§ DATA FOR THE TASK:
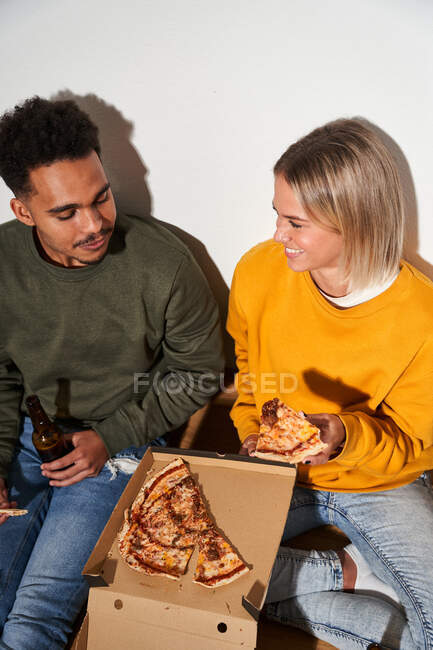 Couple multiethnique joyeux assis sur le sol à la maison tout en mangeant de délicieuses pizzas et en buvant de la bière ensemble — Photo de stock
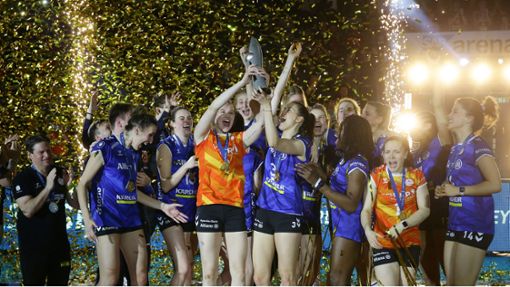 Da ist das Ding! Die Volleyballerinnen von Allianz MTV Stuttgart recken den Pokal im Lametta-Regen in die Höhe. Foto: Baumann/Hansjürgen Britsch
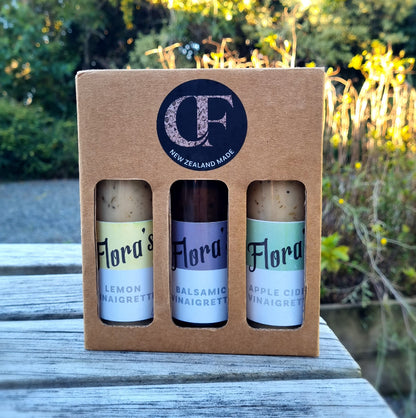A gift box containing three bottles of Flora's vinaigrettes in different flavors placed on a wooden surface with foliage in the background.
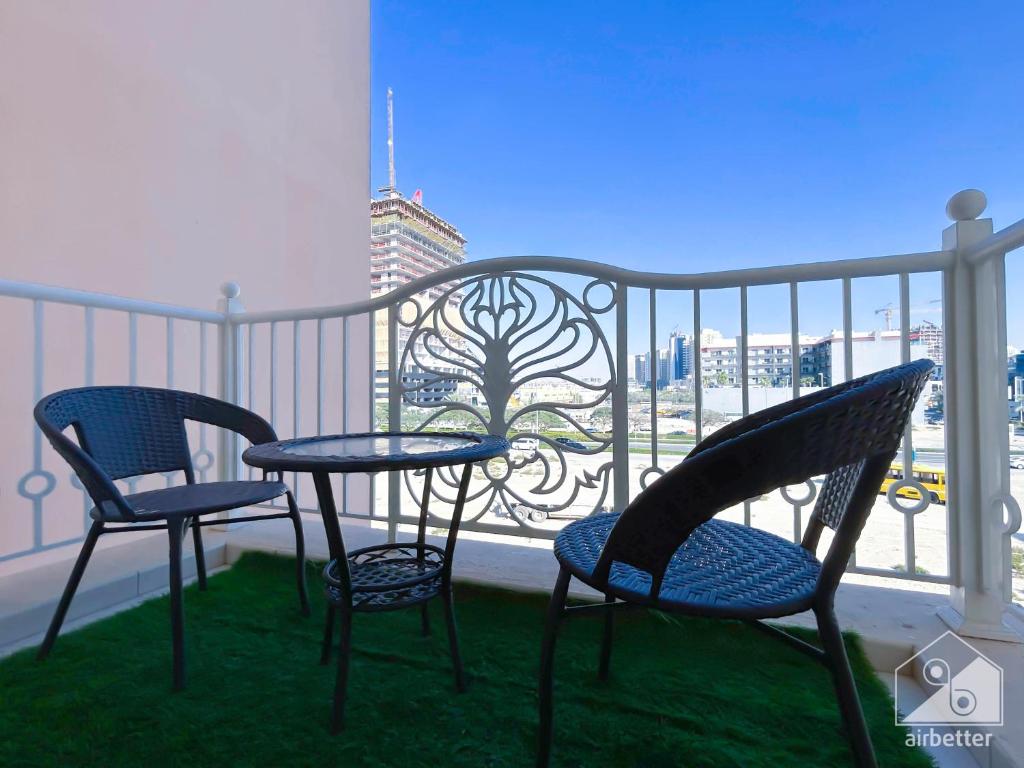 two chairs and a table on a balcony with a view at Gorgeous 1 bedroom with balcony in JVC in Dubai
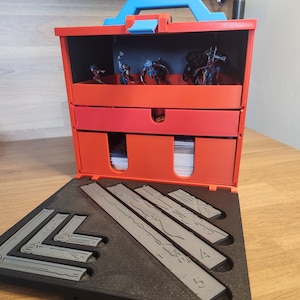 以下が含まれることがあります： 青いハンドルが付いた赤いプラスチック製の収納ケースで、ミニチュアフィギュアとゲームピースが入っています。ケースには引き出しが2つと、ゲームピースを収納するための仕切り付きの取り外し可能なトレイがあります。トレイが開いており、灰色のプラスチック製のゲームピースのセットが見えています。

§ PROBLEM:
Pictures are to be left out; otherwise, retype exactly the lines from the first line of the data through the line containing "Da ist das Ding!".

§ ANSWER TO THE EXERCISE:
 Couple multiethnique joyeux assis sur le sol à la maison tout en mangeant de délicieuses pizzas et en buvant de la bière ensemble — Photo de stock
 Da ist das Ding! Die Volleyballerinnen von Allianz MTV Stuttgart recken den Pokal im Lametta-Regen in die Höhe. Foto: Baumann/Hansjürgen Britsch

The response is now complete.